1. The homeowner contacts a draughts-person or architect who prepares drawings and an application for Town Planning approval.
2. The homeowner presents these drawings to a building contractor who provides them with a price, which if accepted, builds what is on the drawings.
3. The homeowner occupies the house and is frustrated with the numerous and avoidable maintenance issues.
Most homeowners believe that the drawings approved by the Town Planning office contain sufficient information to allow their builder to build a safe and durable house. This is not so. The drawings approved by Town Planning contain no guidance to the contractor to build safely. Worse, most builders do not know how to build safely, and most if not all homeowners are oblivious to the fact that most of them occupy houses that will be unsafe during a major earthquake or hurricane.
I have often wondered what many of the 300,000 who died in Haiti thought as their houses, which they truly believed were well constructed, collapsed around them. I have visited Haiti several times since the earthquake and have spoken with hundreds of survivors. I understand that the dead have a different experience, but I can postulate that in addition to the fearful dread of impending harm, there was also a stunning shock and bewilderment about how their house, that cost them so much money to build, could be collapsing so dramatically.
Let me reiterate. The drawings approved by Town Planning provide no guidance whatsoever to the contractor on how to build a safe house. The homeowner is essentially placing hundreds of thousands of building materials into the hands of persons who generally do not know how to assemble them safely, despite their best efforts. I have spent over a decade actively lobbying successive Governments to facilitate the safer building of houses, but there has been little change in the quality of residential construction practices. So what is the homeowners’ solution when no-one is looking out for them?
I have decided to dedicate the next 5 years of my life certifying the competence of persons who are most likely to be responsible for supervising the construction of houses in the Caribbean. These would include experienced artisans and construction supervisors/foremen. The certification will be provided through Walbrent College, a Caribbean training institution for builders that is registered with the Barbados Accreditation Council.

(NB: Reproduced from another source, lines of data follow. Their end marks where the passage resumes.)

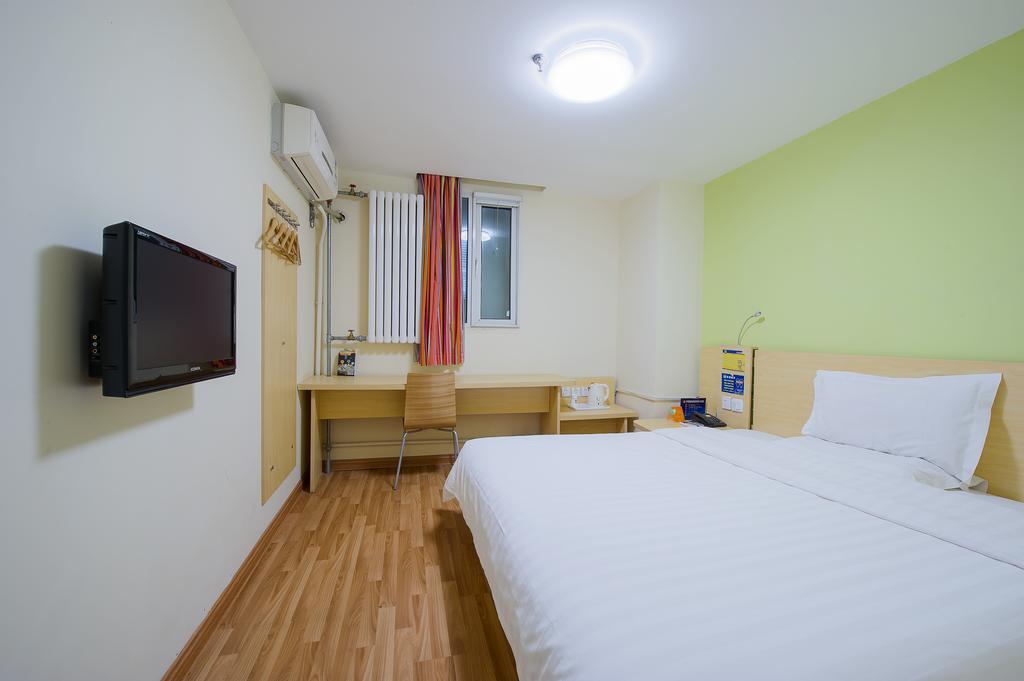 7Days Inn Guangzhou Zhongda North Gate Square Exterior foto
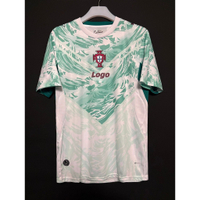(Embroidered jersey with logo) Edisi Peminat Portugal 2026/27 Baju Lelaki Portugal Tandang # 7 RONAL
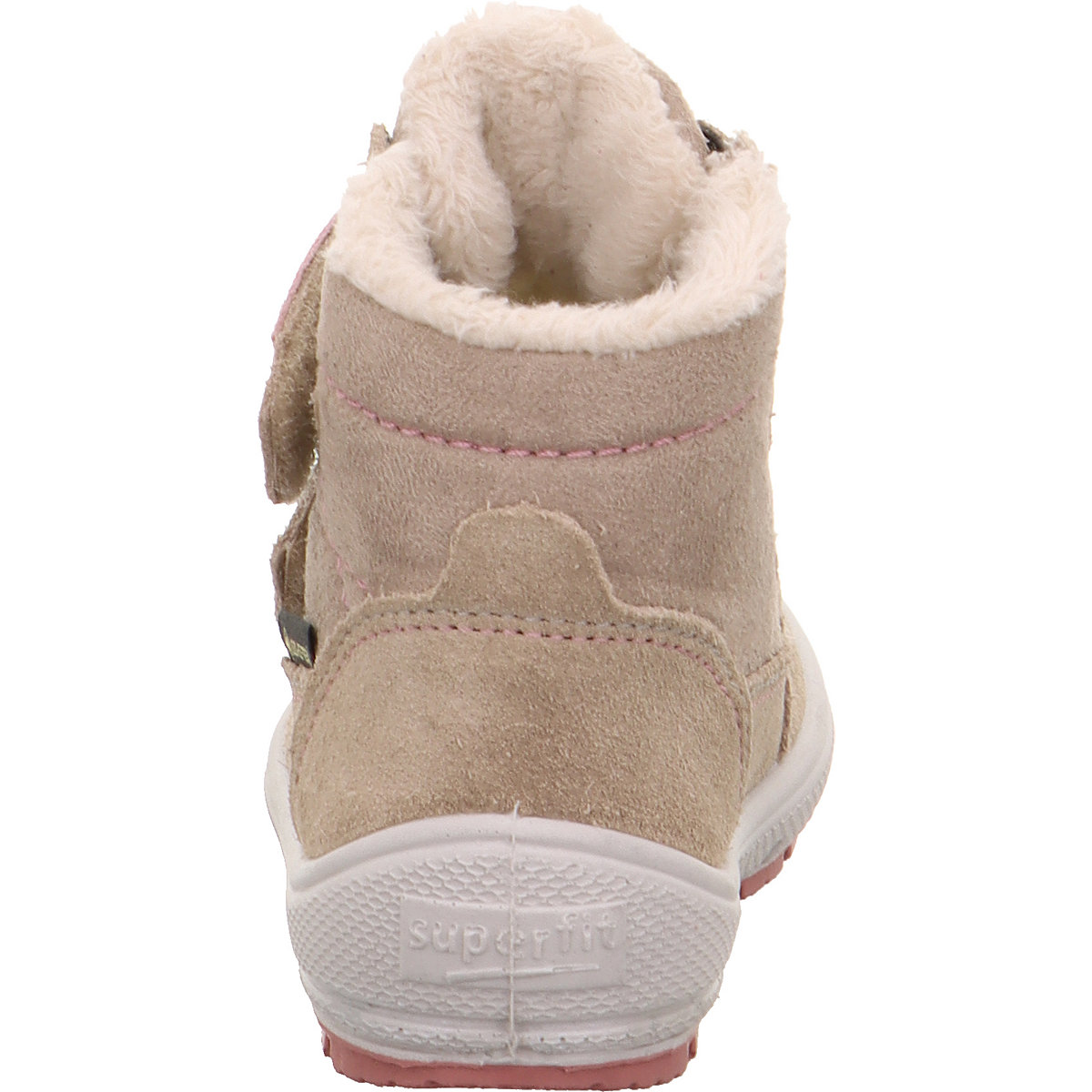 Baby Winterstiefel WMS Weite M4 für Mädchen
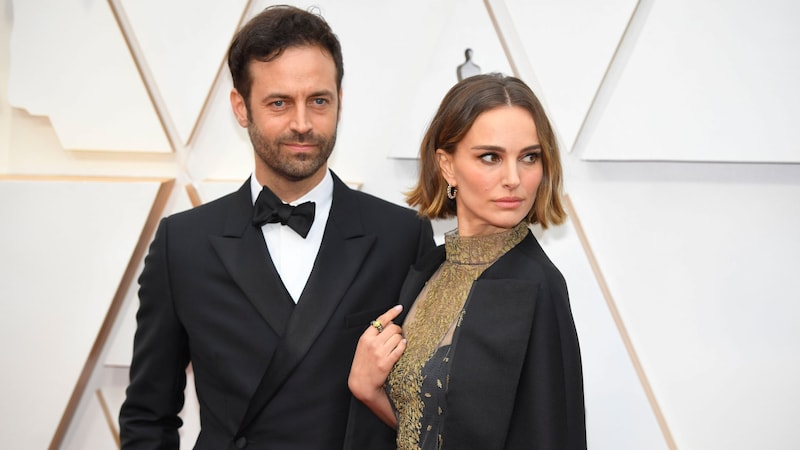 Nach zwölf Jahren Ehe reichten Benjamin Millepied und Natalie Portman heuer die Scheidung ein. (Bild: www.PPS.at)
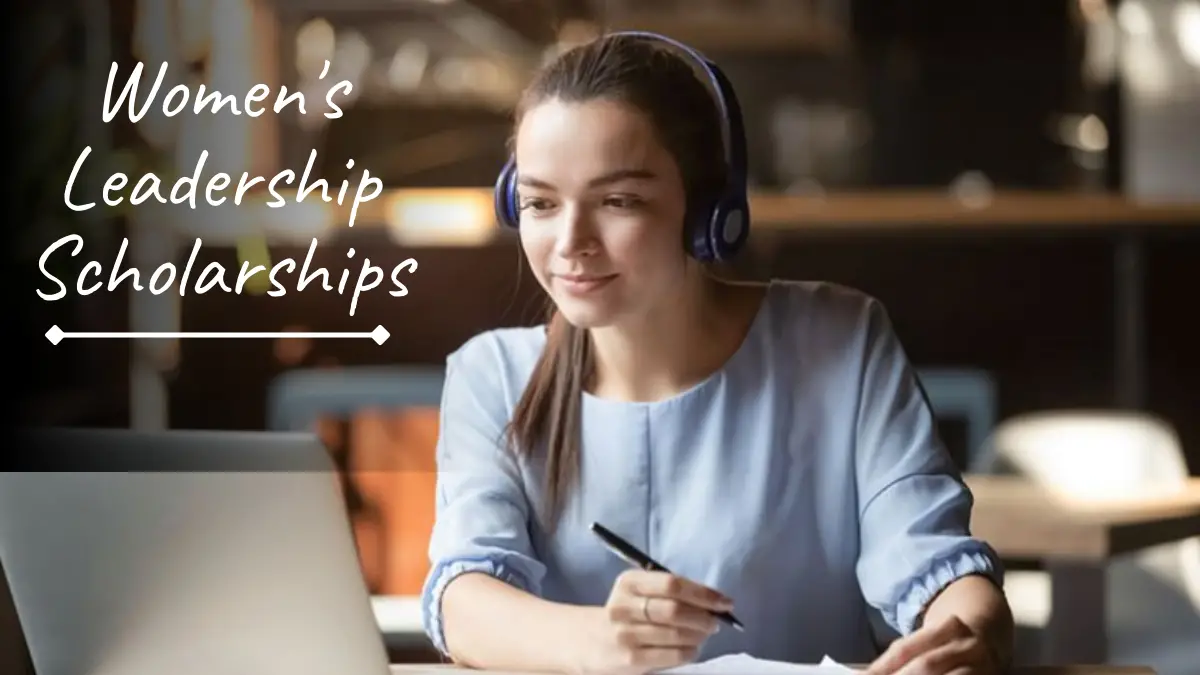 Women's Leadership Scholarships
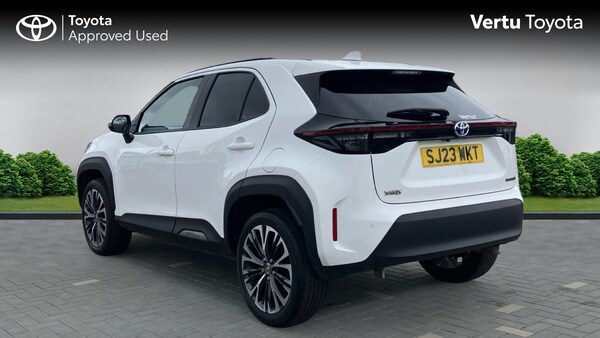 Used Toyota Yaris Cross 2023 for sale - 76263224: Photo 4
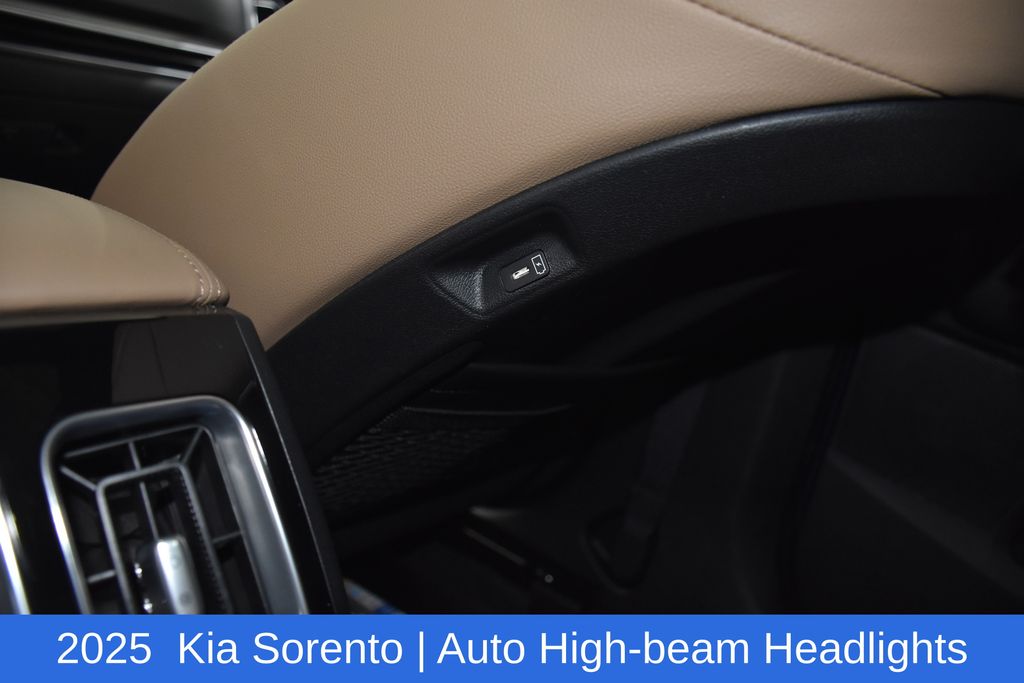 2025 Kia Sorento X-Line SX Prestige - Photo 24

If you decide to allow your contractor to build the typical unsafe and high-maintenance house for you, then you and your household will have to live with the consequences of your decision. However, if you follow these simple steps then you should be OK.
1. Ask your contractor for the name of their certified supervisor or foreman.
3. If no certified foreman is directing the construction of your house, then insist that the contractor send the person who is responsible for directing the building of your house to the 10-day certification course, which is offered in the evenings (6:00 pm to 8:00 pm). The course includes an inspection of your site during a critical building activity.
The benefits to you and future homeowners is that you can avoid the typical frustrating maintenance problems, including: leaking pipes, cracked and blown floor tiles, rising damp in walls, cracked walls, and the premature loss of the roof and walls during natural hazards.